На этот раз тема прорабатывалась гораздо детальнее, аккуратнее и последовательнее. И что примечательно – без ссылок на Беркли, хотя главная мысль Канта была той же самой: существование вещам даём мы, люди.

Кант начал с проблемы, относящейся к теории познания (гносеологии): почему научные результаты имеют именно такой вид, а не какой-либо другой. Этим вопросом никто раньше не задавался, ибо ответ казался очевидным: этот вид диктуется свойствами изучаемого предмета, которые отражаются в научной теории. Теория такова, каков её предмет. Кант глубоко в этом усомнился. Он высказал убеждение, что вся структура научного знания, включая и форму, и содержание, зависит не столько от особенностей познаваемого объекта, сколько от особенностей познающего субъекта. Эта мысль является для системы Канта тем, что сегодня мы называем ноу-хау, – её у Беркли не было. На ней строится и всё дальнейшее. Её можно пояснить таким образом: если где-то в туманности Андромеды имеются высокоразвитые существа, на нас непохожие, чьё сознание действует на каких-то других принципах, то их наука должна быть совершенно другой, поскольку они и видят окружающий мир не так, как мы, и обрабатывают увиденное своим умом иначе. До Канта же предполагалось, что, какие бы там лапутяне или марсиане ни достигли нашего интеллектуального уровня, наука у них будет точно такой же, поскольку она определяется предметом своего изучения, а он у всех один и тот же.

Здесь у Канта опять всплывает тот вопрос, на котором впервые заострил внимание Беркли: вопрос о существовании внешнего мира самого по себе, обладающего определёнными свойствами независимо от того, знают ли об этих свойствах люди или марсиане. Ответ Беркли был таков: мы не можем знать, существует ли этот внешний мир, ибо единственное, что дано нам достоверно, – это наши ощущения. Ответ Канта был другим: внешний мир существует, но его внутренних свойств мы знать не можем. Иными словами, о нём ничего нельзя сказать, кроме того, что он есть.

Это принципиально другой постулат. На первый взгляд кажется, что Кант непоследователен: ведь если мы не вправе приписывать миру какие-то свойства, то нельзя говорить и о таком его свойстве, как существование. Но для него Кант делает исключение, и вот почему. Наличие в нас зрительных, слуховых и других чувственных ощущений является несомненным фактом. Но, как и все на свете, эти ощущения должны иметь причину. Если наша сетчатка передаёт в мозг зрительный сигнал, значит, на неё что-то действует. То же самое можно сказать и о сигналах других органов чувств: по принципу причинности за ними тоже должно стоять «что-то», и это что-то, являясь причиной чувственных ощущений, должно быть внешним по отношению к вызываемым им следствиям, то есть к этим ощущениям, а значит, и к человеку, их испытывающему.
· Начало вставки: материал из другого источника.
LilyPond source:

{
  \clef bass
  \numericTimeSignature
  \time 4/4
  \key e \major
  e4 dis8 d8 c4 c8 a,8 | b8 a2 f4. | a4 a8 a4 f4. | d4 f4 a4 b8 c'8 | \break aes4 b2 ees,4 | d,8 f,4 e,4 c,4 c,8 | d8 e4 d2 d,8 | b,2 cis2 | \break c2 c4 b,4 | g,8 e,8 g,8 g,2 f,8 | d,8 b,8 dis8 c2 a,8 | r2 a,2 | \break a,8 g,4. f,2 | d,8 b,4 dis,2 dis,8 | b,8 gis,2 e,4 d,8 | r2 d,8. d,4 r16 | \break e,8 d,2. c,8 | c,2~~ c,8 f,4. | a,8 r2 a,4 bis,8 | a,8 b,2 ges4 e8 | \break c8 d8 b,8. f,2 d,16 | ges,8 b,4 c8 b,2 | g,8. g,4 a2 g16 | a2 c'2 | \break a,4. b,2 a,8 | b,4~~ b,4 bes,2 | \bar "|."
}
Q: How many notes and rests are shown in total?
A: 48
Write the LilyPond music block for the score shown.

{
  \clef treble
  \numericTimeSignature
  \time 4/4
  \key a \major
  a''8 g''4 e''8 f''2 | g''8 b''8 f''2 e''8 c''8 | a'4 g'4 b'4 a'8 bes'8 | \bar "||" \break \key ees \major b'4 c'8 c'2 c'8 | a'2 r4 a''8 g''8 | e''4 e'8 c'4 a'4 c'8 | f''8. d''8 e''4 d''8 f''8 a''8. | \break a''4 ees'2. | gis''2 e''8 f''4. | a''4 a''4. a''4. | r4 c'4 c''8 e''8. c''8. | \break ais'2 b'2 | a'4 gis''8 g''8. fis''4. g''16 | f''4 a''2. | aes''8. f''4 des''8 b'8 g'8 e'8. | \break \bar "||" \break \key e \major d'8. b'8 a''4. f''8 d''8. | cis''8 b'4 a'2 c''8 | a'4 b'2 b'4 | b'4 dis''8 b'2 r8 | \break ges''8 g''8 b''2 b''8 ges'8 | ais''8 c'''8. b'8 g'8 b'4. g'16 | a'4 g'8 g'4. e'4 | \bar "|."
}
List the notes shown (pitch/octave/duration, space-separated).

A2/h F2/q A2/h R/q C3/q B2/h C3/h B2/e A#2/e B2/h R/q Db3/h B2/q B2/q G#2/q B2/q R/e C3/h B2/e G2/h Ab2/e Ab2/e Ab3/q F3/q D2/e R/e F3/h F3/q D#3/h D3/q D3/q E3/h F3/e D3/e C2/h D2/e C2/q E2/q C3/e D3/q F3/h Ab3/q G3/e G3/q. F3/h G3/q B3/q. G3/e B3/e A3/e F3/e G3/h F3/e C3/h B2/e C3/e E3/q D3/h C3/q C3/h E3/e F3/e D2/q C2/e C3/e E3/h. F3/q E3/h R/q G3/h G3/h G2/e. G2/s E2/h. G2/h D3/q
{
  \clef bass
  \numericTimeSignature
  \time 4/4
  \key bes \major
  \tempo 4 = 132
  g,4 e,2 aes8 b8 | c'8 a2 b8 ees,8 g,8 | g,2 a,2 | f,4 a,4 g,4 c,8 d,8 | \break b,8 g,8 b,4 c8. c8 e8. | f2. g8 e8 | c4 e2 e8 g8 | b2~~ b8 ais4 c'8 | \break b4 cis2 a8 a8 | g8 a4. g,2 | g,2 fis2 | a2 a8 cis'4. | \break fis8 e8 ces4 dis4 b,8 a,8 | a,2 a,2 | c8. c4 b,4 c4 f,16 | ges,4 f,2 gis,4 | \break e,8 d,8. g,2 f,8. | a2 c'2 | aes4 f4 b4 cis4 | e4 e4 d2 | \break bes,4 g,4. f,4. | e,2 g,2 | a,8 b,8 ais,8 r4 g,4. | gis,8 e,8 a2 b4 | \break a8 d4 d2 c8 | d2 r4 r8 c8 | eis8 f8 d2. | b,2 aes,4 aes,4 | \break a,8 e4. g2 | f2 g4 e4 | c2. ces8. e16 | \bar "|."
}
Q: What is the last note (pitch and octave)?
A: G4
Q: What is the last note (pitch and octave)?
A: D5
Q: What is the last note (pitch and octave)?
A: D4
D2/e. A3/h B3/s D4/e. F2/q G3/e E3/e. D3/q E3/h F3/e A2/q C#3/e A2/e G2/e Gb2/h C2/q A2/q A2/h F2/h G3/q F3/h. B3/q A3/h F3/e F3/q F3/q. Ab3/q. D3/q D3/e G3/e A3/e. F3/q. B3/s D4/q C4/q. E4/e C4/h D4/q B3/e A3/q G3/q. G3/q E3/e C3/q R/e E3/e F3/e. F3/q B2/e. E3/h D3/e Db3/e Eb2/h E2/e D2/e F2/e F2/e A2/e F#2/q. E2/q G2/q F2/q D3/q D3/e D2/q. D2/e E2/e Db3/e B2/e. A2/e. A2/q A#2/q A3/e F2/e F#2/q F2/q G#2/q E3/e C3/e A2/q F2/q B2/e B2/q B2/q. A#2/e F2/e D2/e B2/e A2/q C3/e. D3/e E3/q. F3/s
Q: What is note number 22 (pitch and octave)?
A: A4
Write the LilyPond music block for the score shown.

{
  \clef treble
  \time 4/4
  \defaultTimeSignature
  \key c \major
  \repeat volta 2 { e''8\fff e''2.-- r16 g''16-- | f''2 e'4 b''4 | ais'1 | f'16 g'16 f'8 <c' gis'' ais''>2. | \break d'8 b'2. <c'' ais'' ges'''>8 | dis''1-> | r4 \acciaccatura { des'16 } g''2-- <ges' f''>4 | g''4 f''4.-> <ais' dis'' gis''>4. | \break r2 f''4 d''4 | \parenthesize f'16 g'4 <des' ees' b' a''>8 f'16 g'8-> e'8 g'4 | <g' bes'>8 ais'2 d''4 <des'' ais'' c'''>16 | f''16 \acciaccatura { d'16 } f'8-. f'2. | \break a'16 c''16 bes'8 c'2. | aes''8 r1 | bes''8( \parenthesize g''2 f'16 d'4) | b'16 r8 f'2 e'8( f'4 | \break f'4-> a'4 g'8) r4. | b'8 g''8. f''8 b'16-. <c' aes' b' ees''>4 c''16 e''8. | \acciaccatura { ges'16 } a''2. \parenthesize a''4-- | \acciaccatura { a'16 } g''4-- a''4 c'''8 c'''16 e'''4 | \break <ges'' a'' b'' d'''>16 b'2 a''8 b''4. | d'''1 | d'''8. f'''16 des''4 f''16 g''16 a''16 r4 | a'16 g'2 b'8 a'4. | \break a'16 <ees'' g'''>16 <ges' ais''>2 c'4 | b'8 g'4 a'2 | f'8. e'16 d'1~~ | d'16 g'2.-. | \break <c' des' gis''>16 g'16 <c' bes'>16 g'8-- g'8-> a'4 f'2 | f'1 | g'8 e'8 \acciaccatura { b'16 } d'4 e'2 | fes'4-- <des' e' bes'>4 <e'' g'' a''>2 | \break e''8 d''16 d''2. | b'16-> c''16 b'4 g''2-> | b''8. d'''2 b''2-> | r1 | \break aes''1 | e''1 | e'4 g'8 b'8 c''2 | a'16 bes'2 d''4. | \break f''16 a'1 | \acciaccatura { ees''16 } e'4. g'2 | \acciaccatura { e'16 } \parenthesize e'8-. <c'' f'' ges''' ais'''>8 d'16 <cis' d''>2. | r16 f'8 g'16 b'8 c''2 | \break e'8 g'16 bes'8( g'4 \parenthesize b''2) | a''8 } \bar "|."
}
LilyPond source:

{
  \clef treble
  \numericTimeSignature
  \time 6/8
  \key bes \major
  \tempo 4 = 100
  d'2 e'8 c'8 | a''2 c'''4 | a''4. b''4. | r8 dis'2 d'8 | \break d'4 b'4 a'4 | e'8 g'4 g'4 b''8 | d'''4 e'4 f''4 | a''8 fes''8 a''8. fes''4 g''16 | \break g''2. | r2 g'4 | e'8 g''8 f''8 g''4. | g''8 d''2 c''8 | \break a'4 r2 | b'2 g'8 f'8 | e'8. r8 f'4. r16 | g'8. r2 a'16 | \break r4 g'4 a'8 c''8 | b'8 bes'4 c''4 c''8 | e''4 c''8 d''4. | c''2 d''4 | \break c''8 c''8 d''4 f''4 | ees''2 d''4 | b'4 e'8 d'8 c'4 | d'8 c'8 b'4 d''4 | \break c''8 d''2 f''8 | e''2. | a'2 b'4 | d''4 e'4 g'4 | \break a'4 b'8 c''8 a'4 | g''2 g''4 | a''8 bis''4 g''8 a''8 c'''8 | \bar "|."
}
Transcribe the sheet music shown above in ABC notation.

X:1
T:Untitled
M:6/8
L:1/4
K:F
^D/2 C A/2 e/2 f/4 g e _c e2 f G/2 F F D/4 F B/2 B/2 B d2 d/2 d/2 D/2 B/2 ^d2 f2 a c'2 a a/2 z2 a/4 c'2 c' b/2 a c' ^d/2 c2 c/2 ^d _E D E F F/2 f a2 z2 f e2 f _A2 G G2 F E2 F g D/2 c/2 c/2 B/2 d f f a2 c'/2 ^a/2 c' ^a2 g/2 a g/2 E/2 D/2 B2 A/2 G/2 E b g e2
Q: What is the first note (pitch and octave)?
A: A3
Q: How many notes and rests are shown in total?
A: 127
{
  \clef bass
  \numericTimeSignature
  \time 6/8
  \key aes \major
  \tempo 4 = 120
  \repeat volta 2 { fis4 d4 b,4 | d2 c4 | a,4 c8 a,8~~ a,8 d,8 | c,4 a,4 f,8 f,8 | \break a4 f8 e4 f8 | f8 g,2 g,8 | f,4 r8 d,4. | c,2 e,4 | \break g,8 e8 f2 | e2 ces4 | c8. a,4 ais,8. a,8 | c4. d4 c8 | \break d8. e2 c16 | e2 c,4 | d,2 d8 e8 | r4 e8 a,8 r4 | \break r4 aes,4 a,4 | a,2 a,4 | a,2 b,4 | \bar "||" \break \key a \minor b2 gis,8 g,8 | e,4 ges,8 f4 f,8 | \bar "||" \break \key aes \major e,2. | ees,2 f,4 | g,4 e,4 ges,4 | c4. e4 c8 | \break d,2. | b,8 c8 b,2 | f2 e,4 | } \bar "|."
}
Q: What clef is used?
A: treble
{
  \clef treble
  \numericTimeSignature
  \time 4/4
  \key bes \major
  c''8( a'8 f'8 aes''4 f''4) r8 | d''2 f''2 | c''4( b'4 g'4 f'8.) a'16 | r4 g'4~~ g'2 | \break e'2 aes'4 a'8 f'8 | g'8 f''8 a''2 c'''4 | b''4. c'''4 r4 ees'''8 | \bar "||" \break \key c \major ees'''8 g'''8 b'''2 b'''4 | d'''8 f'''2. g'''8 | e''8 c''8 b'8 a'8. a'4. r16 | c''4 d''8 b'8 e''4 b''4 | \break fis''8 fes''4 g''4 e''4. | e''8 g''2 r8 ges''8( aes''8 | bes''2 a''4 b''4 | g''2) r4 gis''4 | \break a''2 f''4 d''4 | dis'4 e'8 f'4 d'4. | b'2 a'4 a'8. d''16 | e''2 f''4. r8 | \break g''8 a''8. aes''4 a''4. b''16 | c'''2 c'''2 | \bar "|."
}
Такой взгляд человеку конца XVIII века переварить было намного легче, чем берклианское отрицание внешнего мира. Кант говорит, что нечто вне нас всё-таки существует, – спасибо ему и за это. Только остаётся непонятным, что дальше делать с этим нечто…

– А ничего, – отвечает Кант. Поскольку свойства этого нечто (кроме его существования) непознаваемы, о нём можно просто забыть. Вещи вне нас есть, но каковы они сами в себе, мы знать не можем и никогда не сможем, поэтому рассуждать о них – значит попусту терять время. Учёный не должен заниматься праздными разговорами, его занимает только то, что он надеется познать. Так вот, и давайте обратимся к тому, что мы можем познать: к вопросу о том, как функционирует наше сознание, перерабатывающее сигналы, поступающие от «вещей в себе» к нашим органам чувств, в стройную научную картину мира, то есть в «вещи для нас».